He put the ring in his pocket, but later discovered it was gone.
“He asked everyone,” Linda said. “He got to the end of that day in tears. It was a really special present.”
That was two years ago and Linda said she had been searching for a similar one ever since but never found one.
“I always thought ‘I wonder what ever happened to it?’” she said.
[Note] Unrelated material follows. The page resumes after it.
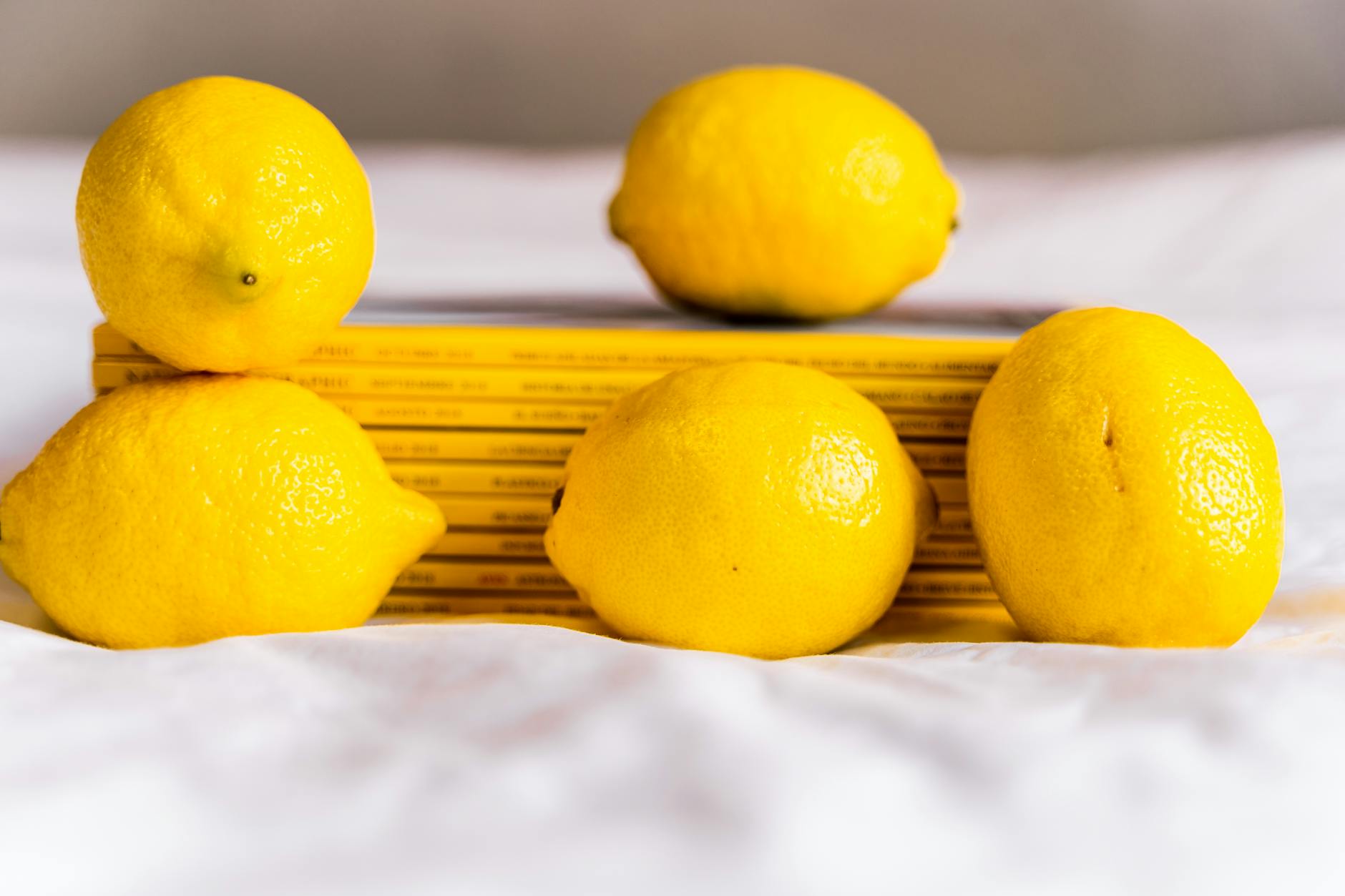 Teal lemon vibrator resting on white silk fabric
Now she has found out.
“I thought I’d have a quick look in the pawn brokers on Lord Street – and there it was,” she said.
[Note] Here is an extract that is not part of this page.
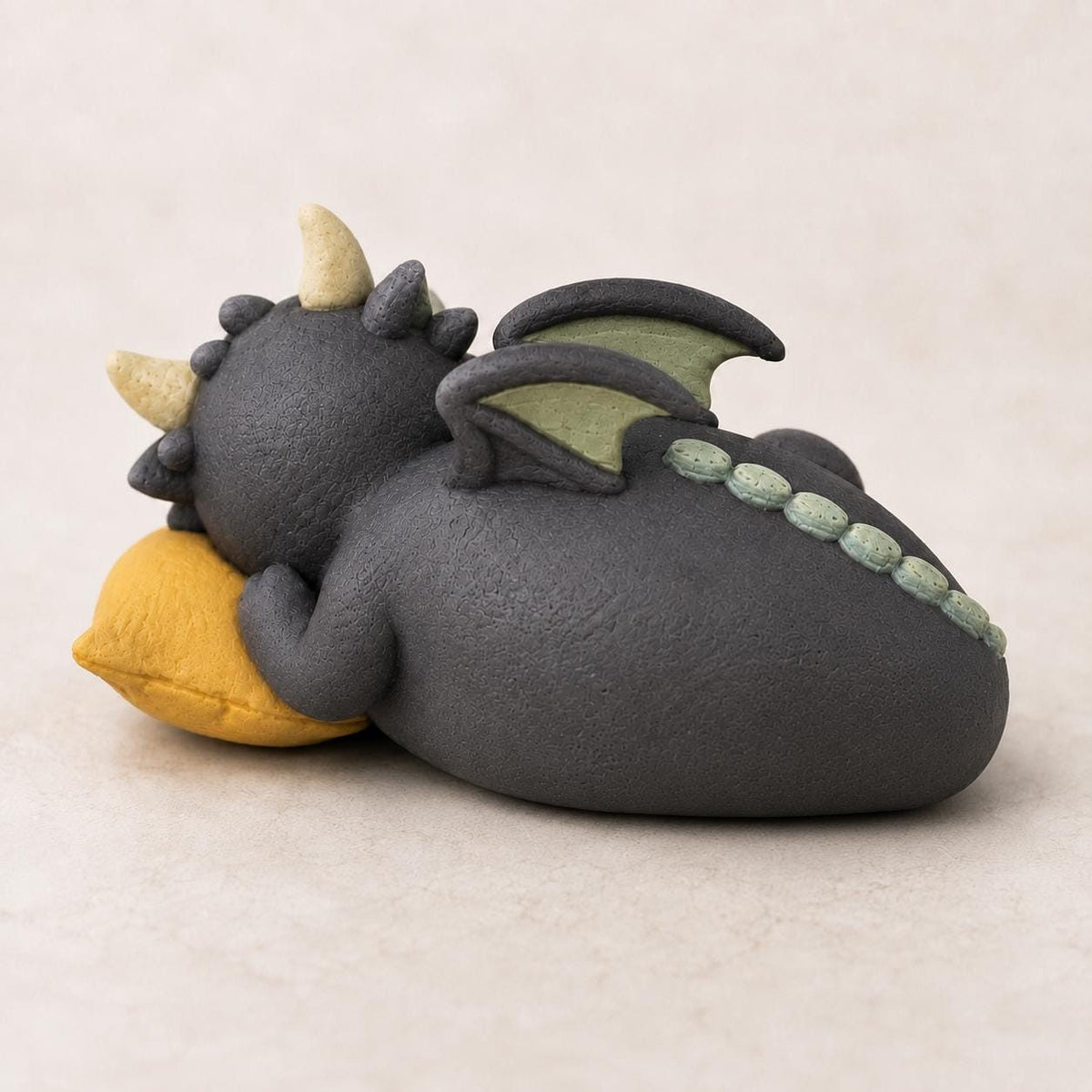 Sleeping Dragon with a Moon Book on a Yellow Pillow, side view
The ring was on sale for £145 at The Exchange in Wrexham but the storekeeper agreed to let it go for £100.
“He reckoned it had been there over 12 months,” she said, “but it’s been gone for two years.”
Linda, who lost her job as an admin worker just before Christmas and is living on a tight budget, said she did not know where it might have been.
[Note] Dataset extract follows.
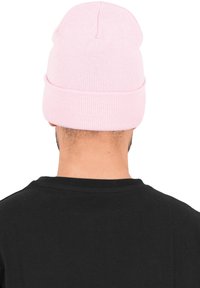 Rosa strikket lue med brettkant, laget av mykt, elastisk materiale. Har en avrundet topp og minimale søm detaljer.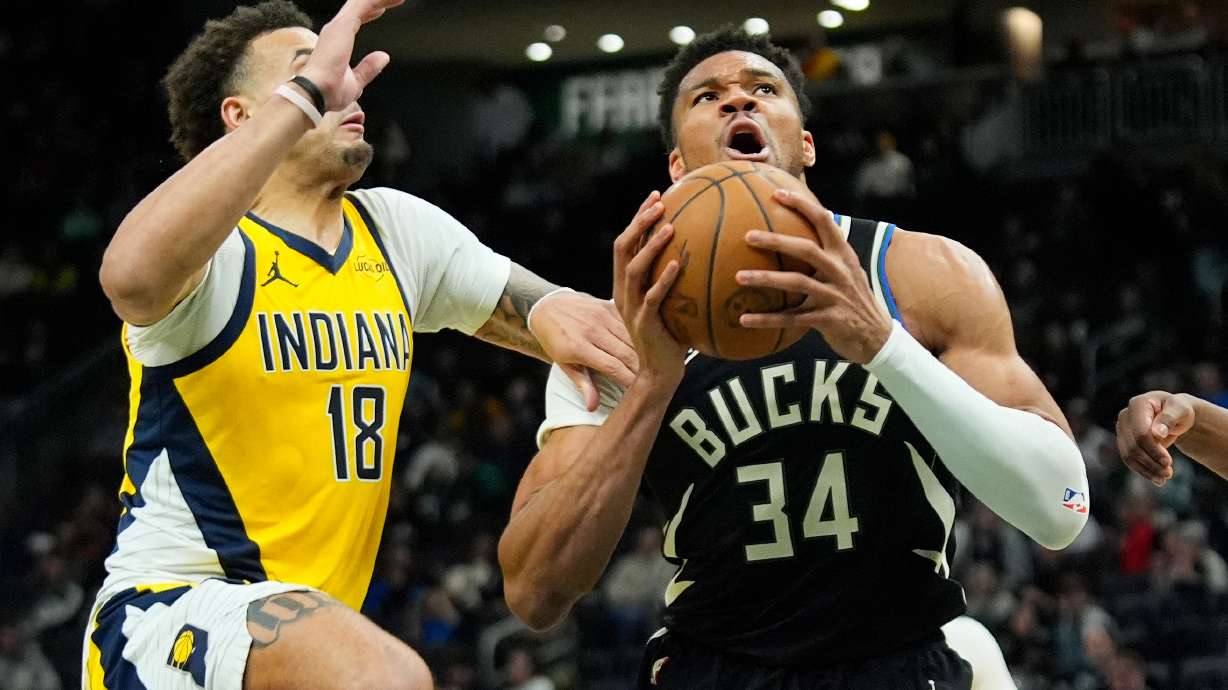 Milwaukee Bucks' Giannis Antetokounmpo (34) drives to the basket against Indiana Pacers' Jalen Slawson (18) during the second half of an NBA basketball game, Sunday, March 15, 2026, in Milwaukee.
“I couldn’t just leave it,” she said, so she went to the cash point to get the £100 – though more than the £65 she paid for it originally.
On the way she bumped into police officers who accompanied her back to the store, but they told her she would have to produce photographic evidence that it belonged to her son to get it back.
“I’m still in shock,” she said. “It’s all’s well that ends well, but I’ve gone through a lot of emotional turmoil with that ring.
“And I want to warn people to make sure they get their valuables marked or at least insured.”
Chris Derbyshire, store manager at The Exchange, said: “We do use every procedure, including a system called CheckMEND, to ensure the items we buy are legitimate and belong to that person.
“If a laptop comes in it’s easy to determine who the owner is as it has a serial number.
“But with a ring we can only treat it as a piece of gold, there is no way to trace its history.
“We do always try to do right by our customers and help them out, but we have to be careful because we lose a lot of money through scams.”